The United Kingdom has a global lead in the marine renewables market, drawing on an extensive skills base, developed supply chain and some of the best wave and tidal resources in the world. However, domination of this potentially global industry is an opportunity, not a right, and decisive action is needed to cement the UK’s position and maintain its lead over other nations developing interests in the sector.

The marine energy sector is a good example of the UK leading world innovation and it is vital that the commercial benefits are retained. Policy to date has bought forward the first pre-commercial devices and the current challenge is to advance the industry to commercial scale. This path is well trodden by renewable energy technologies, but marine energy needs key support right now.

The industry is at a critical stage and government support is crucial to achieving a thriving industry. The announcement of £20 million of funding through the Department of Energy and Climate Change (DECC) Low Carbon Innovation Fund was welcomed by industry, yet it is less than half the funding previously offered through the Marine Energy Delivery Fund (MRDF). Furthermore, it falls well short of the £120 million capital support the industry needs to deliver on its massive potential. Experience has shown that for every £1 funding by the public sector, the private sector raises £6 and government capital support is essential to developing the industry.

There are a number of key actions the government can take. These include:

Deliver continued targeted innovation and cost reduction funding.

Ensure a long term, consistent and sustainable revenue support package.

Encourage involvement of utilities and project management teams, which improve investor confidence.

Apply lessons learnt in offshore wind such as enhancing the transmission grid to keep pace with technology development.

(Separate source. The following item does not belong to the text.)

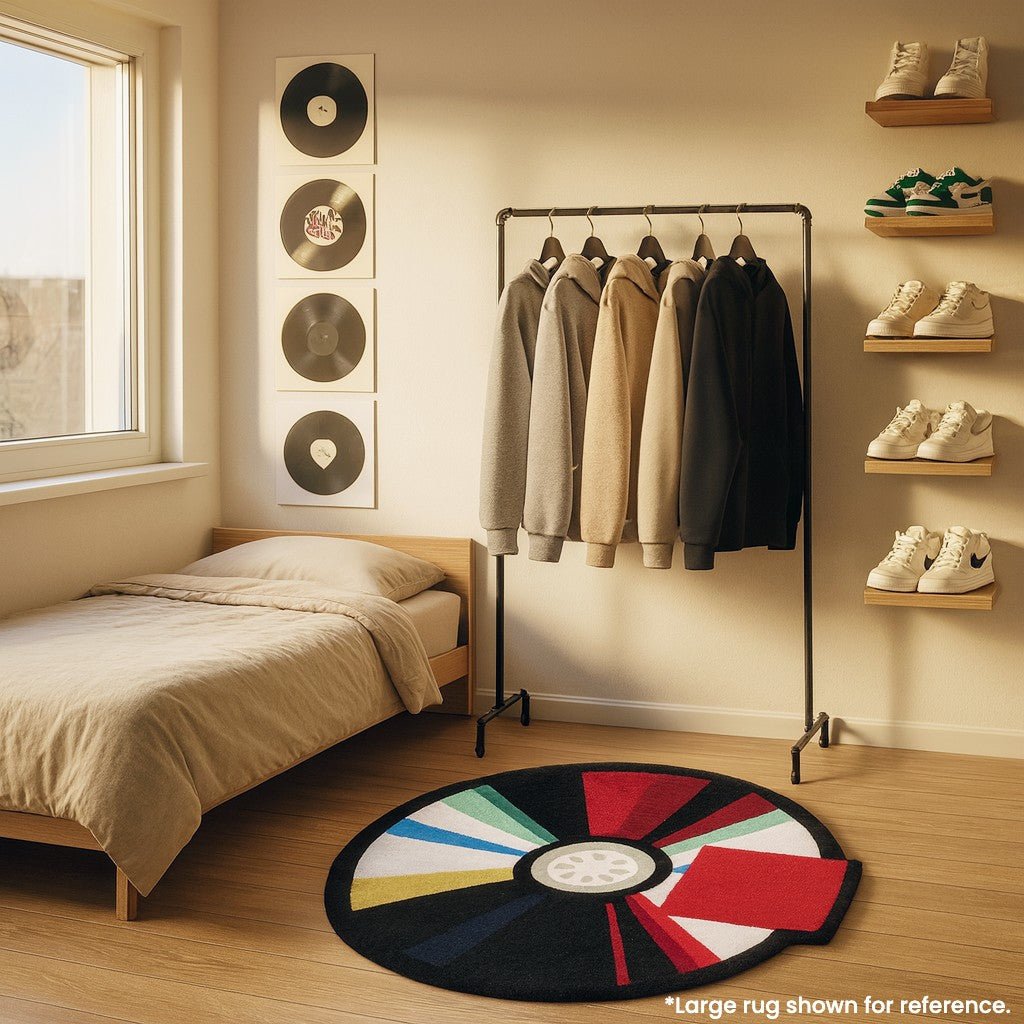 Yeezus CD Rug - Lyxoraa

The sector offers significant economic benefit for UK plc. British companies such as Pelamis, Aquamarine Power and Marine Current Turbines are leading the way in deploying their technologies in UK waters, with six out of the eight full scale prototypes in the world being installed here. While the large-scale benefits of marine may not materialise for a decade or more we must invest political and financial capital now to ensure it becomes a key part of our move to a low carbon energy supply.

1. What are the potential benefits that marine renewables could bring to the UK and should Government be supporting the development of these particular technologies?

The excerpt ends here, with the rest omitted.